POSAM のアルゴリズムでは、2 段階の方法で対象地域に鉱物が含まれる可能性を導きます。まず、各ピクセルのスペクトルが、スペクトルライブラリの教師データと同じ特徴を持っているか確認します。次に、同じ特徴があった場合、スペクトルの波形が似ているほど、鉱物が存在している可能性が高いと判断します。しかし、ハイパースペクトルデータの特性に合ったアルゴリズムではないため、空間分解能の違いや大気の影響などを考慮したアルゴリズムの改良が必要です。そこで、取得されたスペクトルが教師データと同じ特徴を持っているか確認する方法ついてアルゴリズムの改良を行いました。

改良の結果、探鉱に有用と考えられる10 種の鉱物を抽出することに成功しました。抽出された鉱物の組み合わせから、変質帯の性状が推定できます。さらに、マルチスペクトルデータではわからなかった同じ鉱物内の結晶の大きさや密度などの差によって起こる、わずかなスペクトルの違いも認識できることがわかりました。
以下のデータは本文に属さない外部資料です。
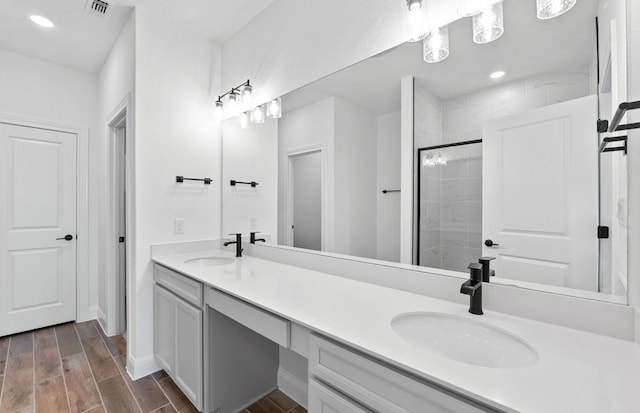 13404 Lapoynor St, Manor, TX 78653 - bathroom featuring double vanity, a tile shower, wood finished floors, and recessed lighting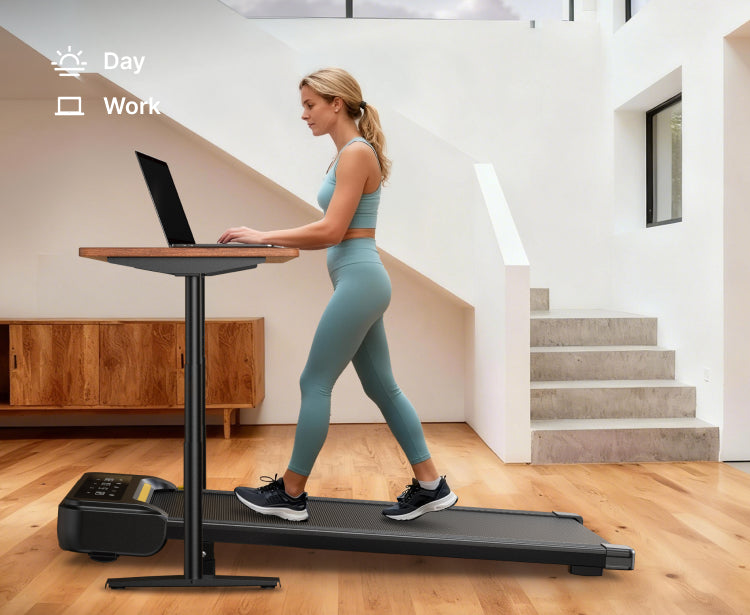 A woman walking on a treadmill at home during the daytime while using her laptop, illustrating a productive under-desk walking setup.

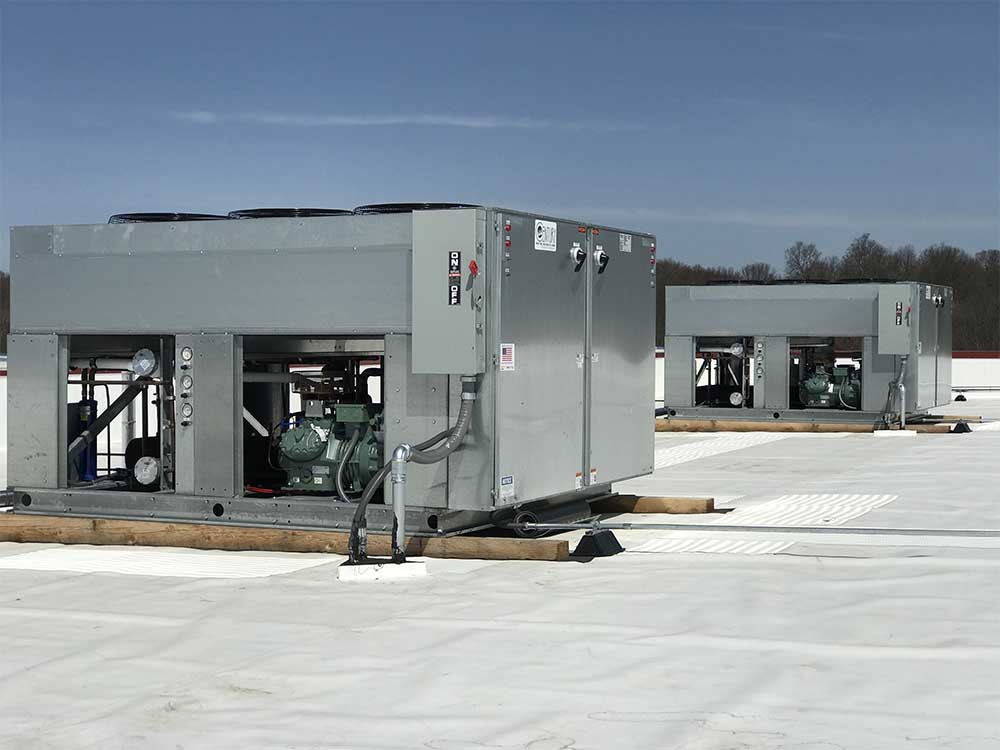 Close up of 2 Refrigeration units on roof of warehouse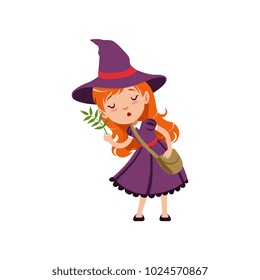 Cute small red-haired girl witch in purple dress, hat, with cross body bag. Smiling kid character in costume studying herbs. Vector flat cartoon illustration on white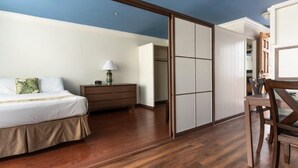 A bedroom with a wooden floor, a bed with a white bedspread, a nightstand with a lamp, and a sliding door closet. - Holiday Surf Hotel (Honolulu)
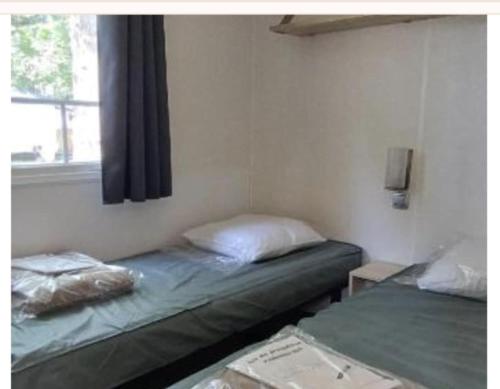 deux lits jumeaux dans une chambre avec fenêtre dans l'établissement Camping marvilla MH 253, à Agde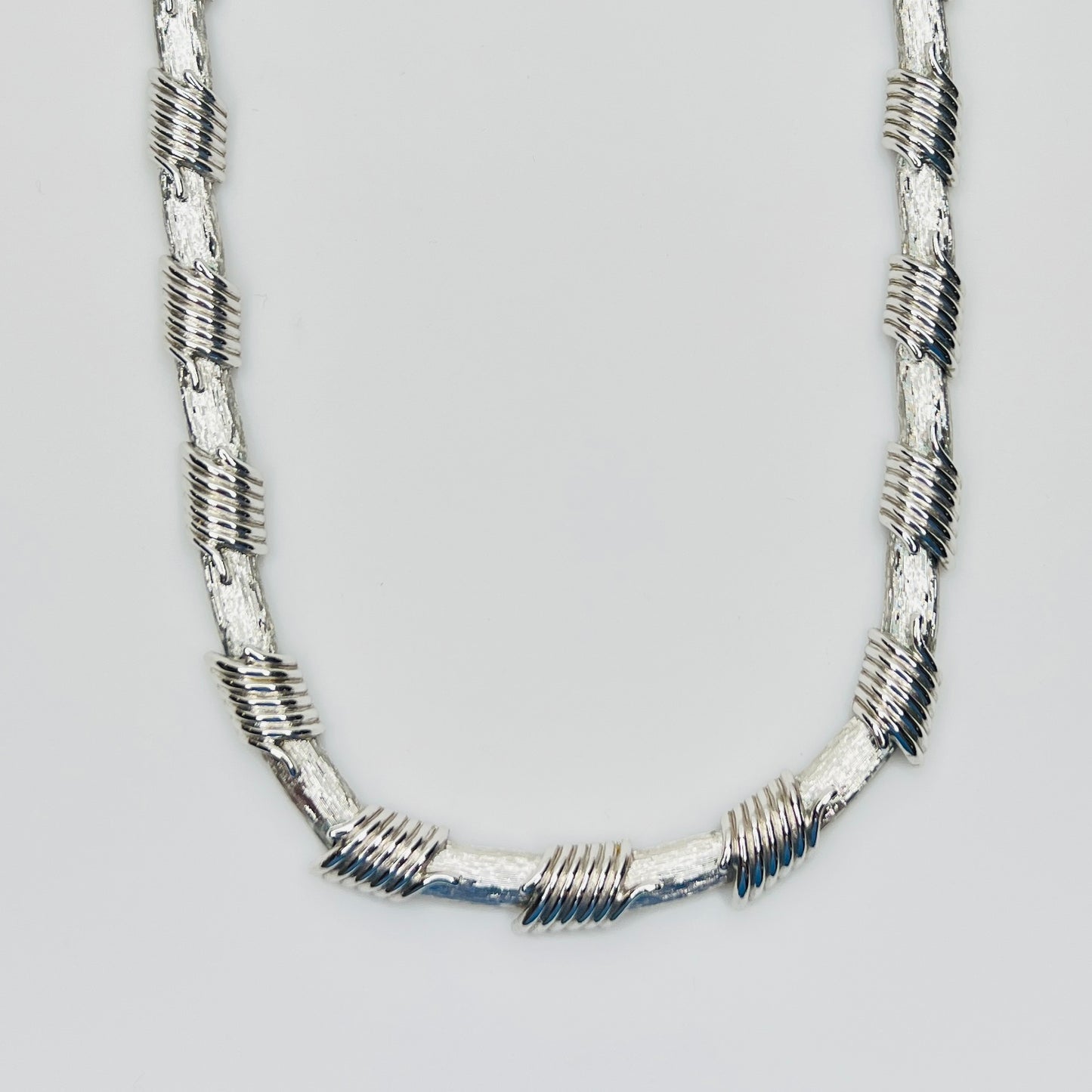 Vintage Monet silver tone wrapped link choker necklace close-up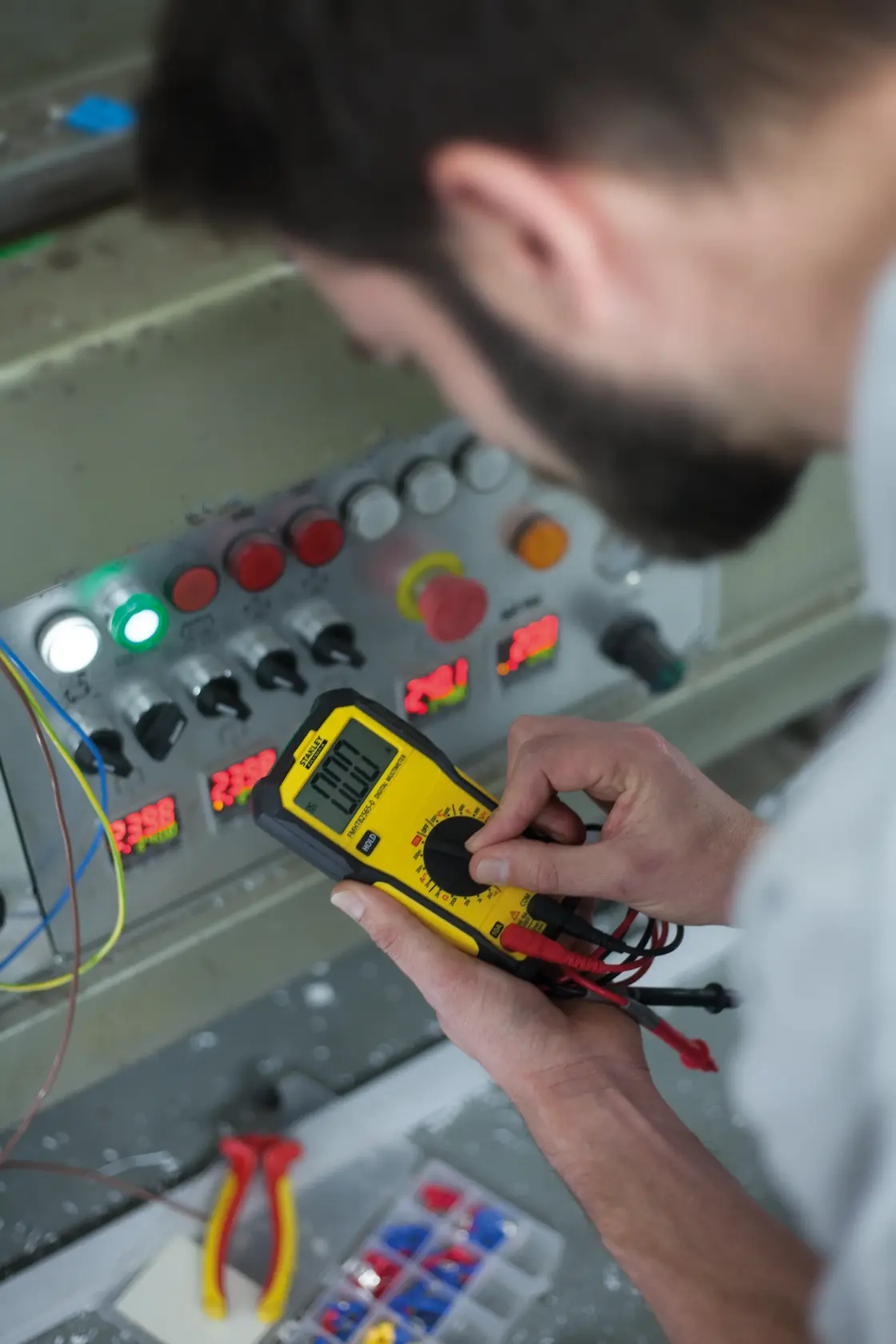Photo of STANLEY FMHT82565-0 digital multimeter being used to measure a control panel; yellow and black device.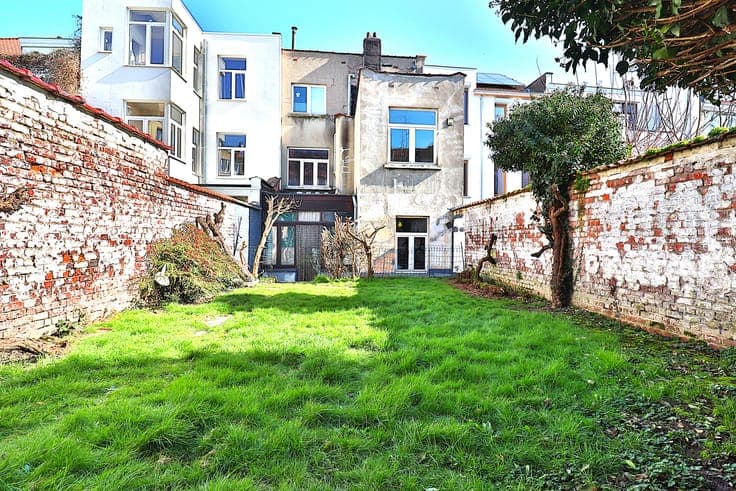 Immeuble de rapport 3 unités + jardin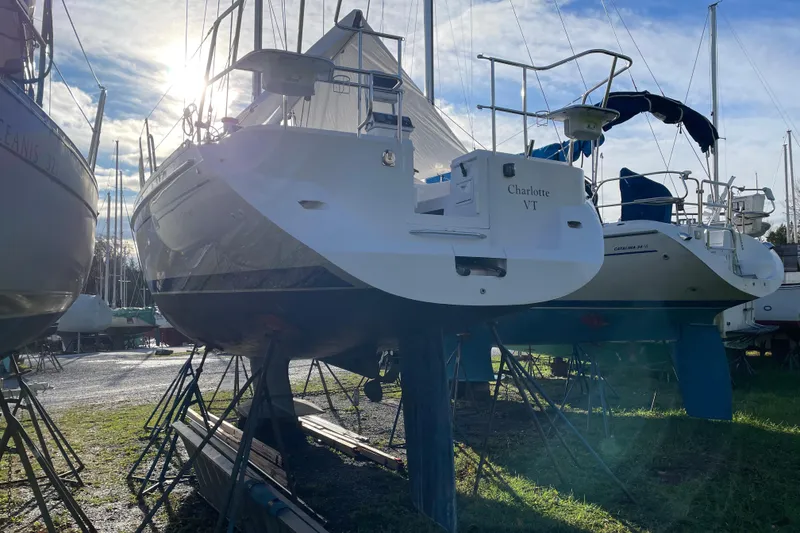 Slide: The Image of Catalina 355 sailboat from 2014 on stands, with sunlight in the background. - 31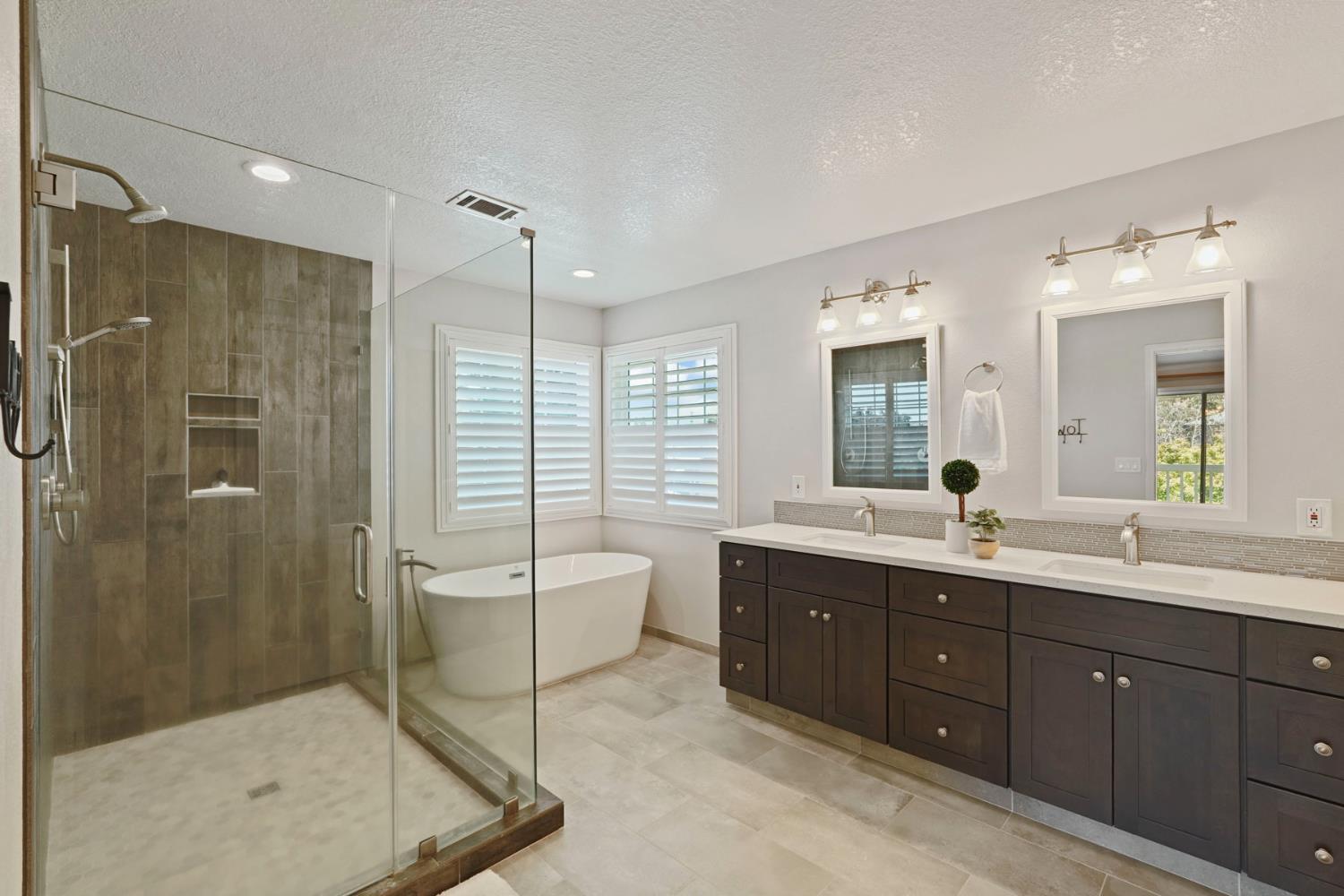 18432 Ironstone Street Woodbridge, CA 95258 - Photo 32 of 50 The remodeled bathroom with dual sinks, tub, shower and walk-in closet.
現在は、分類に悪い影響を与えていた、枯れた植物のスペクトルを取り除く植生補正についても検討が行われ、成果をあげています。さらに、鉱物が混ざり合い、スペクトルが変化している地域でも、鉱物の抽出ができるようにアルゴリズムのさらなる改良が望まれます。

Fig01-01
吸収位置の得点は、最初に吸収の有無を判定し、吸収がない場合は0とし、教師となるスペクトルデータの吸収位置と近い場合は高得点となります。相関係数の得点は教師スペクトルとの相関が高い場合に高得点となります。
Fig01-02
鉱物抽出結果:赤色ほど点数が高く、対象鉱物が存在する可能性が大きいことを示します。
Fig01-03
鉄を含む鉱物のスペクトル

期待される活用方法

現地調査の負担軽減・簡略化

ハイパースペクトルデータを使って対象地の地質情報を推定することで、地表踏査の箇所を絞ることができ、調査にかかる時間と費用の削減が見込まれます。また、立ち入りが困難な地域の評価を行う際に、有効な補助情報としての利用が考えられます。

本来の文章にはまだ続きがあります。